- WORK INSTRUCTION -
From the line holding "Atkins Meal Chocolate" to the final line below, restate each line word for word and add nothing.

- TASK INPUTS -
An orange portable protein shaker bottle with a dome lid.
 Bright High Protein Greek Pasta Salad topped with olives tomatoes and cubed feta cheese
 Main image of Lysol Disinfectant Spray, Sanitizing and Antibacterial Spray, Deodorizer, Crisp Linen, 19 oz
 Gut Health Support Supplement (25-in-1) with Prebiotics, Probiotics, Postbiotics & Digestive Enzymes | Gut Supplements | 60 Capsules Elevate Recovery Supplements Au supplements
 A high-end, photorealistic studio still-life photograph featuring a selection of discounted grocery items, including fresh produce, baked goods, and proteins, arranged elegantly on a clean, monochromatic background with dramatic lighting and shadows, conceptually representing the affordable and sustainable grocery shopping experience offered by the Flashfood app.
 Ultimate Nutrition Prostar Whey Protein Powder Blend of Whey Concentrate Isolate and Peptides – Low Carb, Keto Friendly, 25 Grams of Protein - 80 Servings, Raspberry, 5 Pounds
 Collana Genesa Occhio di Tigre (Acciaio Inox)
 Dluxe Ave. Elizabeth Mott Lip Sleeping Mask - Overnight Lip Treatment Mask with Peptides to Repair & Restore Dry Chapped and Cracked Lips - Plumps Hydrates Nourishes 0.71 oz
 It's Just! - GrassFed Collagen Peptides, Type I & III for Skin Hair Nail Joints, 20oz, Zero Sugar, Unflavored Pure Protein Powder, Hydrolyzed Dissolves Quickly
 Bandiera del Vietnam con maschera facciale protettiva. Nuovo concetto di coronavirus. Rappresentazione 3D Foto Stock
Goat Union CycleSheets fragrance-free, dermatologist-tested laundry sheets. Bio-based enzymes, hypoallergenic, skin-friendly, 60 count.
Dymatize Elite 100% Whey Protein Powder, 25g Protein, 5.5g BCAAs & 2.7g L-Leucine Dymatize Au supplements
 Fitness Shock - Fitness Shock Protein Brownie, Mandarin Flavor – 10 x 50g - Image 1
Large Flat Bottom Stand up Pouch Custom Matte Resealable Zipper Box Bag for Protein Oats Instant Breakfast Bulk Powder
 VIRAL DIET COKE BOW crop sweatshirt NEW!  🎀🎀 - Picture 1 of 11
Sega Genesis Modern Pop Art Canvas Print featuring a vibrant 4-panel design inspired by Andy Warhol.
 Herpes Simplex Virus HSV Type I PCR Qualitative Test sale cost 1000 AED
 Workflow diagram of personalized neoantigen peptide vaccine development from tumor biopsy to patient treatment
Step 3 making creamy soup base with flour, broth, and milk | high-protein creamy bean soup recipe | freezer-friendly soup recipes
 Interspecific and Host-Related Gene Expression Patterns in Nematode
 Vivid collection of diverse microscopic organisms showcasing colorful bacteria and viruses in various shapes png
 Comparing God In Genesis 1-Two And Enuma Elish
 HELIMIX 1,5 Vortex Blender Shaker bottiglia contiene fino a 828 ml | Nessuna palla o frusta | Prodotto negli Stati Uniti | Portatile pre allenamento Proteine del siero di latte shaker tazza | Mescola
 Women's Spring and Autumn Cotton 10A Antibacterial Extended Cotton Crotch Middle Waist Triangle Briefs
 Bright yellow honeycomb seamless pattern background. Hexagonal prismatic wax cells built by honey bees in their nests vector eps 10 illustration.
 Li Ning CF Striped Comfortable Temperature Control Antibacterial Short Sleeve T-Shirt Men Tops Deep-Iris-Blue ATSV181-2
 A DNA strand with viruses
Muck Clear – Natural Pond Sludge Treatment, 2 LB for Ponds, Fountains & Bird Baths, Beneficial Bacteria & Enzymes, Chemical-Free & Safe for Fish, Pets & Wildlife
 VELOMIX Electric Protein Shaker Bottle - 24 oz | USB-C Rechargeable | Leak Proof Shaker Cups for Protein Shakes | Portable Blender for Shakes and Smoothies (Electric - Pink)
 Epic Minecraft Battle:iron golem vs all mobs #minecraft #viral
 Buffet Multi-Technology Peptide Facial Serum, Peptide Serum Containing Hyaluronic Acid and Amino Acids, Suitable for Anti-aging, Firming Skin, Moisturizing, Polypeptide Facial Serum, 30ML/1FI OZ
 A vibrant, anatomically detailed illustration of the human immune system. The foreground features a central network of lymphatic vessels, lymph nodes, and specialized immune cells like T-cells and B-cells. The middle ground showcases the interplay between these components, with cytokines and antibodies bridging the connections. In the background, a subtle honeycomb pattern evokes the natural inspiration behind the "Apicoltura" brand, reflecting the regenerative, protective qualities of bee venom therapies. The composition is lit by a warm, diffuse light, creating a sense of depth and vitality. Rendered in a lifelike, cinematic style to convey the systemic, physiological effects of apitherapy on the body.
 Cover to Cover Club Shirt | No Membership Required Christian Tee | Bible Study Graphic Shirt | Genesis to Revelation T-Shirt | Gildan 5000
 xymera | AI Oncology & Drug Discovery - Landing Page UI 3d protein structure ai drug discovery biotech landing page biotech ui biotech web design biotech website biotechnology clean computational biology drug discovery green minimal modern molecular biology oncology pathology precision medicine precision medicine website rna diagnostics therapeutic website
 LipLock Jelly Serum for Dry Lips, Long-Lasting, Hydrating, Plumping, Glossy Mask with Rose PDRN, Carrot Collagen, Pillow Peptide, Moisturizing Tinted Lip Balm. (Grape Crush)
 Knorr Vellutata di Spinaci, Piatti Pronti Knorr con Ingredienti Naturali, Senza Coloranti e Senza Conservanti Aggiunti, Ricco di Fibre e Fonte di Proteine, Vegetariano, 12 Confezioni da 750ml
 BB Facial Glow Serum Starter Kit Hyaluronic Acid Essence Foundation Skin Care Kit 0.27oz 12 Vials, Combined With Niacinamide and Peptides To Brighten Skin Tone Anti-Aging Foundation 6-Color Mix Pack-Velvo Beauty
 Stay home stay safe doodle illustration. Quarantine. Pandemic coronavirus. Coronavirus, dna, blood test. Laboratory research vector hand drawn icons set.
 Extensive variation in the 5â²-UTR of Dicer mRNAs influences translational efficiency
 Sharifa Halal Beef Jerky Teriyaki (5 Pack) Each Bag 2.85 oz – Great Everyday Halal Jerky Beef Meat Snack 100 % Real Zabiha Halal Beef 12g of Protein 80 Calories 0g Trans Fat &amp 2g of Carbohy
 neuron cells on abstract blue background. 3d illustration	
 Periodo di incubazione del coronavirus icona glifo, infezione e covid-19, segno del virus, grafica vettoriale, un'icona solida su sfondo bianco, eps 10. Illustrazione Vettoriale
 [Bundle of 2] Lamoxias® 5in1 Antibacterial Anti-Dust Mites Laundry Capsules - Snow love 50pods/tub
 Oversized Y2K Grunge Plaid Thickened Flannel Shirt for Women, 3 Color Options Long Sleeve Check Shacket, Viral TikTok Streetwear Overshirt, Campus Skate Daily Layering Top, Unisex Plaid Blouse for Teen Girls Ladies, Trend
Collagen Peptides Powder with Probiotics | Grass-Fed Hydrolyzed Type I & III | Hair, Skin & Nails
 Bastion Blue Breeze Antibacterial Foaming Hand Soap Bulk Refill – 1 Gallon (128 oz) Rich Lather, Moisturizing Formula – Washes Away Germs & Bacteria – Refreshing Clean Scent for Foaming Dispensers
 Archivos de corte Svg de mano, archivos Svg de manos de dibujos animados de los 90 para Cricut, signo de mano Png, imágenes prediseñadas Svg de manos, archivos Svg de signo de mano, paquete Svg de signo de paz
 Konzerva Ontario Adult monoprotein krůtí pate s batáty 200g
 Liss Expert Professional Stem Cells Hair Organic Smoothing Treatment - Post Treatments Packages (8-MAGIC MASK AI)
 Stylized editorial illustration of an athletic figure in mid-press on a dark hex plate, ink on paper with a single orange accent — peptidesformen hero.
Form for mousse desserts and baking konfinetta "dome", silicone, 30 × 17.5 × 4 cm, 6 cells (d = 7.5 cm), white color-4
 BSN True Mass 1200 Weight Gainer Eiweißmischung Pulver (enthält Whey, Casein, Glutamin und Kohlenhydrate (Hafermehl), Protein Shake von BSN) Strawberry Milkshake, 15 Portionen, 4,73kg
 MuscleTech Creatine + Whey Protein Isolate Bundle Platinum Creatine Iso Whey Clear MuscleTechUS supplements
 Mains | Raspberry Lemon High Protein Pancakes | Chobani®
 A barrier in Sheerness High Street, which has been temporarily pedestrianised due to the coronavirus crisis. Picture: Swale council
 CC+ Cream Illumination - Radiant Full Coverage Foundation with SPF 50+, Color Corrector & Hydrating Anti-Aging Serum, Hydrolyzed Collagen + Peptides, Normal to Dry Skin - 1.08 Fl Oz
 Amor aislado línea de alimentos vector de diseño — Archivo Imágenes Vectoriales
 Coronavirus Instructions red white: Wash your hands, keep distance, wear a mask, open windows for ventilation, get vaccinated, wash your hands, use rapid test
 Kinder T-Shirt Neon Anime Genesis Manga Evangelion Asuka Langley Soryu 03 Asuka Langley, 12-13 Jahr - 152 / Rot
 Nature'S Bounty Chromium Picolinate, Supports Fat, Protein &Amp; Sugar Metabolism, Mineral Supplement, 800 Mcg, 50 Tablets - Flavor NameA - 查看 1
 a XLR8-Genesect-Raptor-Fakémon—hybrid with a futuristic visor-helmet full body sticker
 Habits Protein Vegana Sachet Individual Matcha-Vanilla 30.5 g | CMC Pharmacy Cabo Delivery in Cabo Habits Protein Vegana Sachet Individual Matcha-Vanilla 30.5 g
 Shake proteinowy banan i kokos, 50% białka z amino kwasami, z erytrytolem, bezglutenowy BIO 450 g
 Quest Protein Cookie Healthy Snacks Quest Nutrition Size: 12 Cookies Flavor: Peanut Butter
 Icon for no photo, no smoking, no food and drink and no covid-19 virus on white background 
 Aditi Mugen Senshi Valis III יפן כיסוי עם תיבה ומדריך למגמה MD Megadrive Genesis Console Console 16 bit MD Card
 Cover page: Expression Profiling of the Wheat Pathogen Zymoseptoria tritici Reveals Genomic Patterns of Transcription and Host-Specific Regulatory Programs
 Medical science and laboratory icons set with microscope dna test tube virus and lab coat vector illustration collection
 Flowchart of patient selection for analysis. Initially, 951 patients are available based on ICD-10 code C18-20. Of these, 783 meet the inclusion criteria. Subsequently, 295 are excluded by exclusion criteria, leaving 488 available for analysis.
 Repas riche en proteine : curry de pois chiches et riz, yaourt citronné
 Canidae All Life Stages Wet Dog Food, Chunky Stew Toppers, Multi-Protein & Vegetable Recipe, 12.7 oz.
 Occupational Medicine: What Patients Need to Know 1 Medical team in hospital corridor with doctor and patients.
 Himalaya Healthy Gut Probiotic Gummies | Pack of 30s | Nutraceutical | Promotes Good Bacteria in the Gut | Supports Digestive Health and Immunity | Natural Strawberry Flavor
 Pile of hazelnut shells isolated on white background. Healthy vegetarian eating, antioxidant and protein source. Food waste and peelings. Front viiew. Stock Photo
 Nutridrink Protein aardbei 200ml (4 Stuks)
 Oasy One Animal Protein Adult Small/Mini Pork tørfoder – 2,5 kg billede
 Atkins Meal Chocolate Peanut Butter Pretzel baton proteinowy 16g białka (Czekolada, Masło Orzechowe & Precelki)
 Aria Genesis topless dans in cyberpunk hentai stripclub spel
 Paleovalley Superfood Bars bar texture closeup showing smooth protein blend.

- RESULT OF THIS EXERCISE -
 Atkins Meal Chocolate Peanut Butter Pretzel baton proteinowy 16g białka (Czekolada, Masło Orzechowe & Precelki)
 Aria Genesis topless dans in cyberpunk hentai stripclub spel
 Paleovalley Superfood Bars bar texture closeup showing smooth protein blend.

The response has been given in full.